Start of GIVEN INFORMATION

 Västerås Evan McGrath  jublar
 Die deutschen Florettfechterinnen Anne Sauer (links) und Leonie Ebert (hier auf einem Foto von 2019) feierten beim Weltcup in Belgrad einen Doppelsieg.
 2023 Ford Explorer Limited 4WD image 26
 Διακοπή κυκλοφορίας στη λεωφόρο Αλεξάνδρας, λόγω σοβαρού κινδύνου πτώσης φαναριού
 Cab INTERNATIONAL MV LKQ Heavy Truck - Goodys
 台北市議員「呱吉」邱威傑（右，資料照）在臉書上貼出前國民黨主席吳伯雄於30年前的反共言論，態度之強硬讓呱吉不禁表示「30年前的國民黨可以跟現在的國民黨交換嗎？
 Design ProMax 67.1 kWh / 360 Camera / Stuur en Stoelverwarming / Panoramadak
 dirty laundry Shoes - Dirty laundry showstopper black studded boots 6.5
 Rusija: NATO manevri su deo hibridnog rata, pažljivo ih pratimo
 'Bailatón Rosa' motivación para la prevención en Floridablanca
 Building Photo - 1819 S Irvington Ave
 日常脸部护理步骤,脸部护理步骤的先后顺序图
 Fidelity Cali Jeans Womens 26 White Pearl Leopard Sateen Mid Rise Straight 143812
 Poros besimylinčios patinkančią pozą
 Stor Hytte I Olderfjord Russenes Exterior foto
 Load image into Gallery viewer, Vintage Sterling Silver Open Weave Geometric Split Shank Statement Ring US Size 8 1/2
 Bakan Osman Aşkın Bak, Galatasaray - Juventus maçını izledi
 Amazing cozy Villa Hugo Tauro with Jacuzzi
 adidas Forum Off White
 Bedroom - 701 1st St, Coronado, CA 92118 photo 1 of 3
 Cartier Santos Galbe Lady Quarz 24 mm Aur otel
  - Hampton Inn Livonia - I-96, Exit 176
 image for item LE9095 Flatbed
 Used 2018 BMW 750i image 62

End of GIVEN INFORMATION

### ACTION ITEM
Reproduce the whole listing verbatim, leaving every line as it was.

### TASK RESPONSE
 Västerås Evan McGrath  jublar
 Die deutschen Florettfechterinnen Anne Sauer (links) und Leonie Ebert (hier auf einem Foto von 2019) feierten beim Weltcup in Belgrad einen Doppelsieg.
 2023 Ford Explorer Limited 4WD image 26
 Διακοπή κυκλοφορίας στη λεωφόρο Αλεξάνδρας, λόγω σοβαρού κινδύνου πτώσης φαναριού
 Cab INTERNATIONAL MV LKQ Heavy Truck - Goodys
 台北市議員「呱吉」邱威傑（右，資料照）在臉書上貼出前國民黨主席吳伯雄於30年前的反共言論，態度之強硬讓呱吉不禁表示「30年前的國民黨可以跟現在的國民黨交換嗎？
 Design ProMax 67.1 kWh / 360 Camera / Stuur en Stoelverwarming / Panoramadak
 dirty laundry Shoes - Dirty laundry showstopper black studded boots 6.5
 Rusija: NATO manevri su deo hibridnog rata, pažljivo ih pratimo
 'Bailatón Rosa' motivación para la prevención en Floridablanca
 Building Photo - 1819 S Irvington Ave
 日常脸部护理步骤,脸部护理步骤的先后顺序图
 Fidelity Cali Jeans Womens 26 White Pearl Leopard Sateen Mid Rise Straight 143812
 Poros besimylinčios patinkančią pozą
 Stor Hytte I Olderfjord Russenes Exterior foto
 Load image into Gallery viewer, Vintage Sterling Silver Open Weave Geometric Split Shank Statement Ring US Size 8 1/2
 Bakan Osman Aşkın Bak, Galatasaray - Juventus maçını izledi
 Amazing cozy Villa Hugo Tauro with Jacuzzi
 adidas Forum Off White
 Bedroom - 701 1st St, Coronado, CA 92118 photo 1 of 3
 Cartier Santos Galbe Lady Quarz 24 mm Aur otel
  - Hampton Inn Livonia - I-96, Exit 176
 image for item LE9095 Flatbed
 Used 2018 BMW 750i image 62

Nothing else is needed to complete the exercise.